Are you proud of your police force?

Stoughton, Massachusetts lost another police chief. Hopefully this one is going to a better place.

Sometimes a town gets the police force it wants. Some towns want to raise revenue or punish commuter traffic. My city’s chief was forced out after trying to impose ticket quotas. Stoughton wants a dirty police force.

Trouble came to light more than a decade ago when selectmen removed a bad chief. In response to that decision town voters forced a recall election and installed new board that reinstated the chief.

The election was a referendum on police corruption, and corruption won.

That chief did lose his job in the end. A sergeant got two and a half years in prison for attempted extortion.
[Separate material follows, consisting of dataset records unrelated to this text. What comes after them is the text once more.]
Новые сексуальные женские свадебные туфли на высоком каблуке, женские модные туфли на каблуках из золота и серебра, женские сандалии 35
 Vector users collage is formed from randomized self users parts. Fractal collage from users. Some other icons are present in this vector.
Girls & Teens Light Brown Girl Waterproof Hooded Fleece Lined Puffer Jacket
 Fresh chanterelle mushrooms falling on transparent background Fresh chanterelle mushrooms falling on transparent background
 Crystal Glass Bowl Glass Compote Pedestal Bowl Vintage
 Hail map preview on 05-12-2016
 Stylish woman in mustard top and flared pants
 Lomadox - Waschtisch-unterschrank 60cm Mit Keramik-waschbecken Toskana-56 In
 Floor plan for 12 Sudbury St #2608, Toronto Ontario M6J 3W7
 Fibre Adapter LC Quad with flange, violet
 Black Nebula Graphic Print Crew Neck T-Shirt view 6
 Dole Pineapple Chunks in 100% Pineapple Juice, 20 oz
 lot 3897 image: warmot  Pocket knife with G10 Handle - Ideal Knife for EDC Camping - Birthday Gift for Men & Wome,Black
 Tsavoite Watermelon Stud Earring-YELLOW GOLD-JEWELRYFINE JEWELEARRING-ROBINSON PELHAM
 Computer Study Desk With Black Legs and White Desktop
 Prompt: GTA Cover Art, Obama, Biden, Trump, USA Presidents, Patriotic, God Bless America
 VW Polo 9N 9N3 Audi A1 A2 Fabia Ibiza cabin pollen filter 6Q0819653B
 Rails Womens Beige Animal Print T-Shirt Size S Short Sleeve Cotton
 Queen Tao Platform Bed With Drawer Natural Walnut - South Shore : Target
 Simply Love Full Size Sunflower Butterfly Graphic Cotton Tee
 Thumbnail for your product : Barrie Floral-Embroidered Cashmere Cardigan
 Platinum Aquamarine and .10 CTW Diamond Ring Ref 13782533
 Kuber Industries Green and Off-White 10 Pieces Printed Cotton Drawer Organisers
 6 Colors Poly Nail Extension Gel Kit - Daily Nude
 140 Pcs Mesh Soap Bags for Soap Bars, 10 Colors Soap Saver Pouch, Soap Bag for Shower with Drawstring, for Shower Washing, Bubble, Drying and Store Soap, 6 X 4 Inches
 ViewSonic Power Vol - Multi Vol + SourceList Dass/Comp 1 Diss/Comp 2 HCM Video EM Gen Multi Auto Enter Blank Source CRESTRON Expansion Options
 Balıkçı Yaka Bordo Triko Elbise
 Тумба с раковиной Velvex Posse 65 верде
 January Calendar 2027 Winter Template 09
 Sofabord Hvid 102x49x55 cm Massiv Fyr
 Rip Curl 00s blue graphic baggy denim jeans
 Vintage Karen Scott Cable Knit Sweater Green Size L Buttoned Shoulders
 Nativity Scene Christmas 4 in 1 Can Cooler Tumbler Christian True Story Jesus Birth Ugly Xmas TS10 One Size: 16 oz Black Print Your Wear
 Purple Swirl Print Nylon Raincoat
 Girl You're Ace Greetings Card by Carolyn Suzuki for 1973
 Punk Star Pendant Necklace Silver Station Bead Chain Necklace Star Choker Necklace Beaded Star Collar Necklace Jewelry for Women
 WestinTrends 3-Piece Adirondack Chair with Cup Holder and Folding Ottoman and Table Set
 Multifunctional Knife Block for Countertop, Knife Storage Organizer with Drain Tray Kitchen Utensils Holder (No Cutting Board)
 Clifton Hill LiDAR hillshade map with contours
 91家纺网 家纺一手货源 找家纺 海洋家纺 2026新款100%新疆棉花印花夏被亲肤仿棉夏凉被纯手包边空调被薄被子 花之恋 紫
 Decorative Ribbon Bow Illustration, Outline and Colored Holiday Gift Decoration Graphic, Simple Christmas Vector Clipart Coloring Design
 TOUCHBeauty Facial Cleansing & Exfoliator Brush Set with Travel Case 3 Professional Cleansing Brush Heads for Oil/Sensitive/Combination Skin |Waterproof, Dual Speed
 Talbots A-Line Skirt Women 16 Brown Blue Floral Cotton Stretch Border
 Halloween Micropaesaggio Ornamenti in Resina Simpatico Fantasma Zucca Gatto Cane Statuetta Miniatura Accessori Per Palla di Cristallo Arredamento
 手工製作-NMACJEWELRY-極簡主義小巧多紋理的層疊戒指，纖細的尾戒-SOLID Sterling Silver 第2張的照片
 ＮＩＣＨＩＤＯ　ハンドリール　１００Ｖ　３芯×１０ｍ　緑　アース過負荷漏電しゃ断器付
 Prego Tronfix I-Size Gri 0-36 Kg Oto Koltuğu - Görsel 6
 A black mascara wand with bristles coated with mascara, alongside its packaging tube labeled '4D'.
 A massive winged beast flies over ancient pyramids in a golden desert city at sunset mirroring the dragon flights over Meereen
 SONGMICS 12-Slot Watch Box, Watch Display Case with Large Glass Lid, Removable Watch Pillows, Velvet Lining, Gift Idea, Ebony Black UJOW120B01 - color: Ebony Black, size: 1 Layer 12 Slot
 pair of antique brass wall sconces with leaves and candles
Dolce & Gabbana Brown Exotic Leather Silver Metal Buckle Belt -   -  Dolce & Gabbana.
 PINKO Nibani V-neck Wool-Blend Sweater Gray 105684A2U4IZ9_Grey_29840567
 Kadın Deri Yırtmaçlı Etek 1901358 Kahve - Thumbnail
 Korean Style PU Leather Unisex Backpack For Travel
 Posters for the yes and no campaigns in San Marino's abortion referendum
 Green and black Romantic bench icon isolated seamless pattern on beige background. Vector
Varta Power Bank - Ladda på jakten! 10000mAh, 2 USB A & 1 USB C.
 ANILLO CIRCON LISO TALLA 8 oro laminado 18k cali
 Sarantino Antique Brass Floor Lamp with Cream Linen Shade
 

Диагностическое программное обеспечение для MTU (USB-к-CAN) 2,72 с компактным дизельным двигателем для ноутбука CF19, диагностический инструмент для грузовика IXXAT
The chief was convicted as an accessory and sentenced to probation. (First he was awarded half a million dollars of paid vacation; I’ve never been one to say crime doesn’t pay.)

And then there was the theft and fencing ring, as far as I can tell unrelated to extortion.

And then there was obstruction of justice. It was at least partly related to the fencing operation, but several officers were implicated and there could have been other underlying crimes.

And somebody didn’t know the rule, don’t have an affair with a cop.

There were the proverbial few good apples in the barrel. They got punished, of course. Cops don’t turn in other cops, or friends of local politicians, if they know what’s good for them. One detective won a whistleblower lawsuit. Other officers lost.

So the town brought in a new chief with a vision of a force people could be proud of. He was the rare officer who didn’t “forget” details when he had to testify against a drunk-driving judge.

Some people think he did a good job.

How do you measure improvement? The facts were accreditation, training, and use of Narcan. (That’s a drug to counter opiate overdose; New England bypassed meth and picked opiates as the drug of choice.) That doesn’t tell me if it’s safe to drive through or if it’s safe to speak out against a local businessman. I wish we could have a registry of bad departments. We have one for speed traps, but it’s a lot harder to create one for bad cops.

At least I have nothing negative to say.

And now the chief is being forced out due to town politics, which as I already said back corruption.

Maybe the town will continue to get the police force it deserves.